Nassau Airport’s Final Stage Nears Completion
On October 17, the official opening of the final stage of redevelopment at Nassau’s Lynden Pindling International Airport (LPIA) in The Bahamas will take place with fanfare and local celebration fitting the completion of one of the Caribbean’s largest infrastructure projects.
Since July 2009, when ground was first broken on this $410 million project, Nassau’s airport has transformed into a place of pride for Bahamians and a welcoming facility for the more than three million passengers who pass through the airport annually.

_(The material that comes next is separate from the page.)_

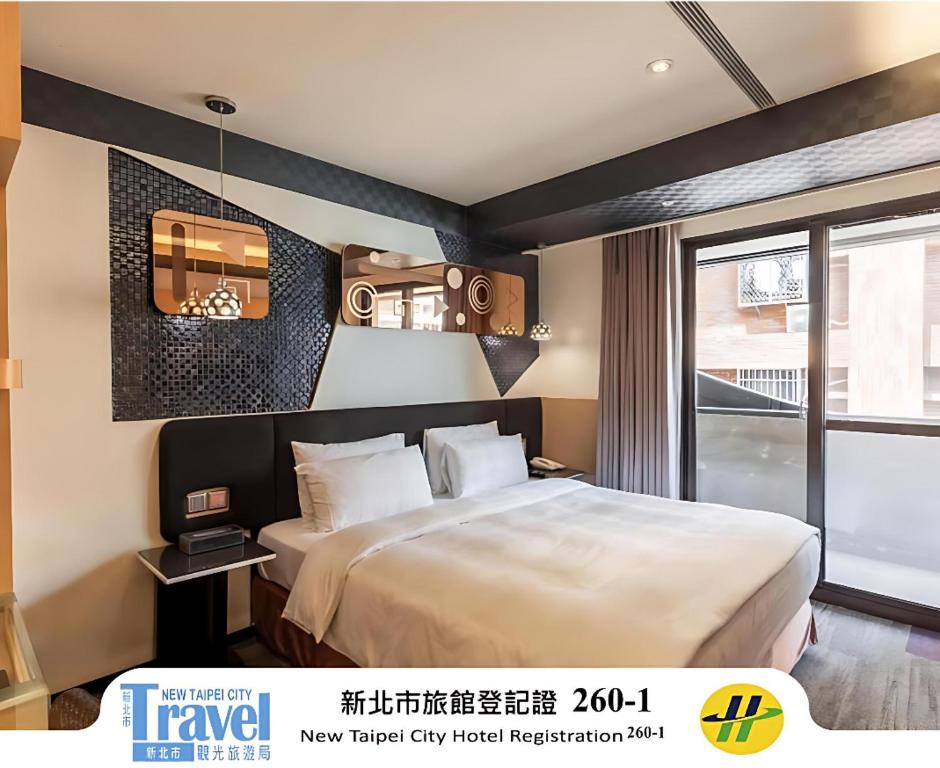 a hotel room with a large bed and a window at Hotel G7 Taipei in Taipei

The Nassau Airport Development Company (NAD), a Bahamian company owned by the Government of The Bahamas and operated by Vantage Airport Group, set out to build a world-class airport to align with the expanding tourism industry on the islands. It has accomplished this major feat on time and on budget, while contributing significantly to the local economy through the use of local contractors and labor.
While more than 74 percent of the workers on this project were Bahamian, Canadian companies have also benefited from the involvement of Vantage Airport Group. Architectural and construction firms with headquarters in British Columbia contributed to the design and build of more than 600,000 square feet of new terminal space and an additional one million square feet of aircraft operating surface.

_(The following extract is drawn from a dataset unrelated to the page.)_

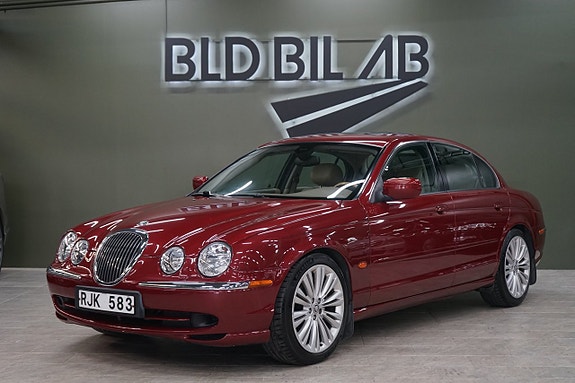 Jaguar S-TYPE 3 of 15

“We have gone from an airport that did not at all reflect the beauty and warmth of The Bahamas, to a facility that reflects a Bahamian sense of place,” Vernice Walkine, president and chief executive officer of NAD told The HUB during this year’s World Routes forum in Las Vegas. “As a people, we can now be proud of offering a beautiful, efficient, sustainable and welcoming first and last impression to visitors to our islands.”
With the completion of the third and final stage, which includes the redevelopment of the domestic and international departures terminal and the domestic arrivals terminal, the airport will have increased in size by 24 percent and will be capable of accommodating 50 percent more passengers (over 5 million). A total of 10 aircraft bridges and 30 aircraft ground loading positions mean increased capacity and better passenger and airline handling.